Audi Motorsport boss Dr. Wolfgang Ullrich has downplayed rumors that Audi would stop its LMP1 program at the end of 2017, amid reports from German media indicating the manufacturer’s imminent exit from the FIA World Endurance Championship.
Auto Motor und Sport reported this week that a number of factors, including VW’s emissions scandal, a dwindling demand for diesel production cars and a higher scrutiny on motorsports budgets, could force the German manufacturer to end its factory involvement.
“I hope they’re wrong,” Ullrich told media Saturday at Fuji Speedway, site of this weekend’s WEC race.
Ullrich said a decision on the program’s future has not yet been taken.
“We have seen so many press rumors during the last years,” he said. “The good thing is that in most of the cases, the negative ones didn’t occur. I’m an old optimist and I’m looking forward to the future.

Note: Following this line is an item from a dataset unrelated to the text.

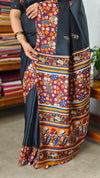 Black Printed Semi Silk Saree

“We are going the standard way of how we organize our race program, which is always in the autumn of the year.
“The meeting of the boards, where normally the motorsport programs are decided, has not taken place yet. So there’s been nothing to decide and it’s going to come.”
Audi Head of LMP Stefan Dreyer told Sportscar365: “This is not new; it’s been like this every year.

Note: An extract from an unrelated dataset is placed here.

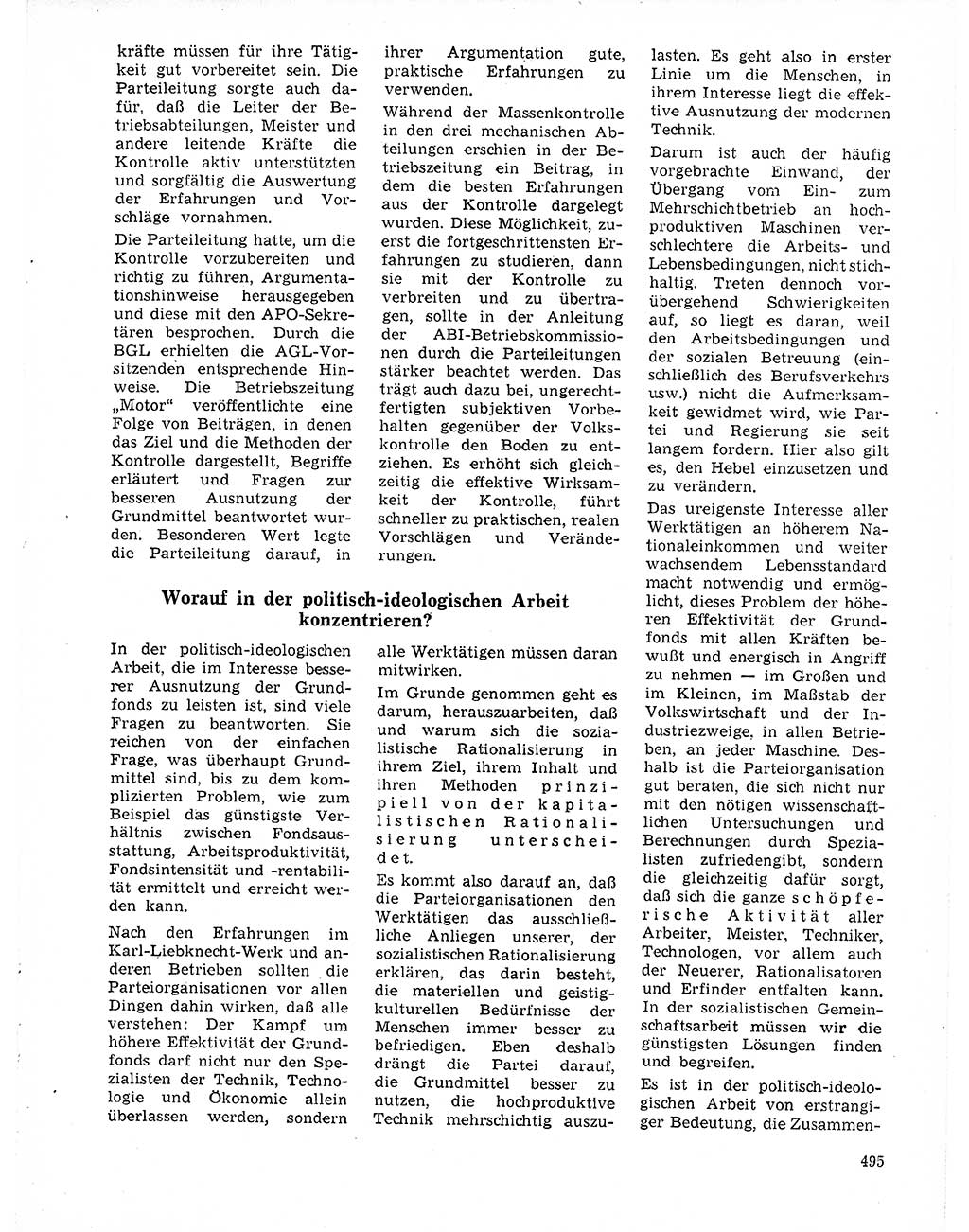 Neuer Weg (NW), Organ des Zentralkomitees (ZK) der SED (Sozialistische Einheitspartei Deutschlands) für Fragen des Parteilebens, 21. Jahrgang [Deutsche Demokratische Republik (DDR)] 1966, Seite 495 (NW ZK SED DDR 1966, S. 495)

“Obviously the situation now is more difficult than in the past, but we have to wait. Before it’s not official we go 100 percent forward and we’re working really hard on the 2017 car.”
Ullrich said plans are still moving ahead on the design its 2018 car, while they continue to discuss the FIA and ACO’s new set of LMP1 regulations, which will see an additional 10 MJ hybrid subclass and up to three hybrid systems allowed on each car.
“We’re working on the project we need to be competitive in the future and the programs we plan to go,” he said.
“We are working, like everybody… to get the rulebook together so it’s fair to all the different technical concept.
“If you look at today’s qualifying, I think it’s one of the best proof that the basic rulebook is a really good one. But there are many details that we all together need to work on.
“For sure it’s one of our targets to work on things that we think that are not in our favor [that] should be corrected.”
While the road car industry has been moving towards electric technology, Ullrich said he still sees a place for diesel, which Audi has pioneered in sports car racing since the launch of the R10 TDI in 2006.
“We think that the diesel engine is still one of the most efficient combustion engines that you can get,” he said. “They can be as well very clean. It’s just a question of developing it.
“The efficiency of the diesel engine is the best one of the combustion engine you can get, and as long as this is a key factor, and efficiency is always important for emissions in general, we think that the diesel in racing is still a good solution.”